Retype, word for word, every line from the one holding "Treat Topper!" through the one holding "Good Smile Company" in the entries below, both included, and only those lines.

Material provided ▸
▬▬▬▬▬▬

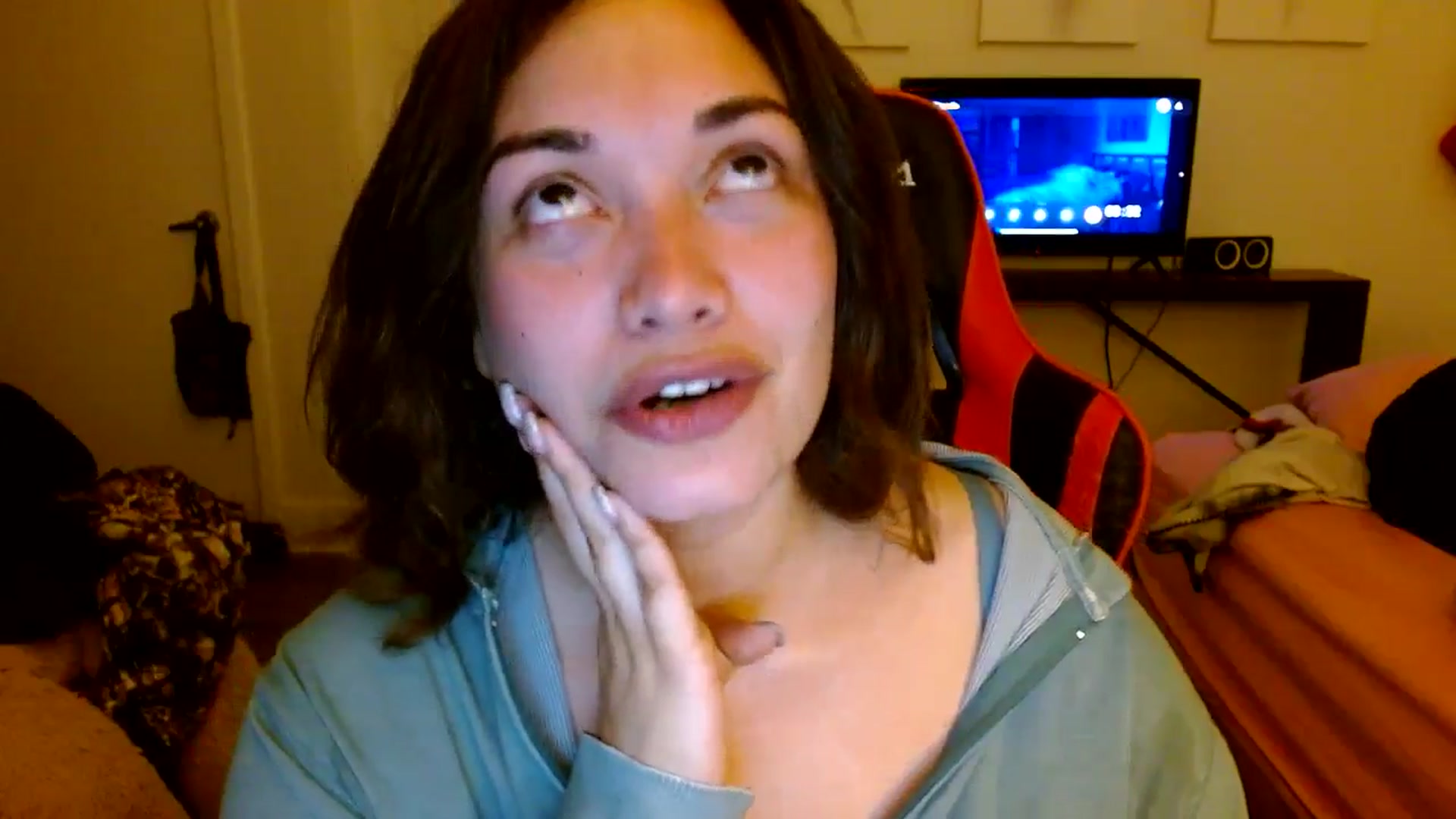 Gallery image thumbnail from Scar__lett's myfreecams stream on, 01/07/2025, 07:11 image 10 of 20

▬▬▬▬▬▬

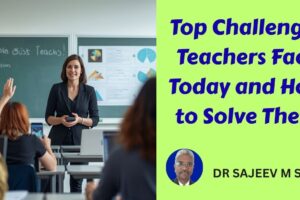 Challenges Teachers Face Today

▬▬▬▬▬▬

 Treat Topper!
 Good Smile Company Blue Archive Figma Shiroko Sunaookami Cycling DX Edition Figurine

▬▬▬▬▬▬

Reply ▸
 Treat Topper!
 Good Smile Company Blue Archive Figma Shiroko Sunaookami Cycling DX Edition Figurine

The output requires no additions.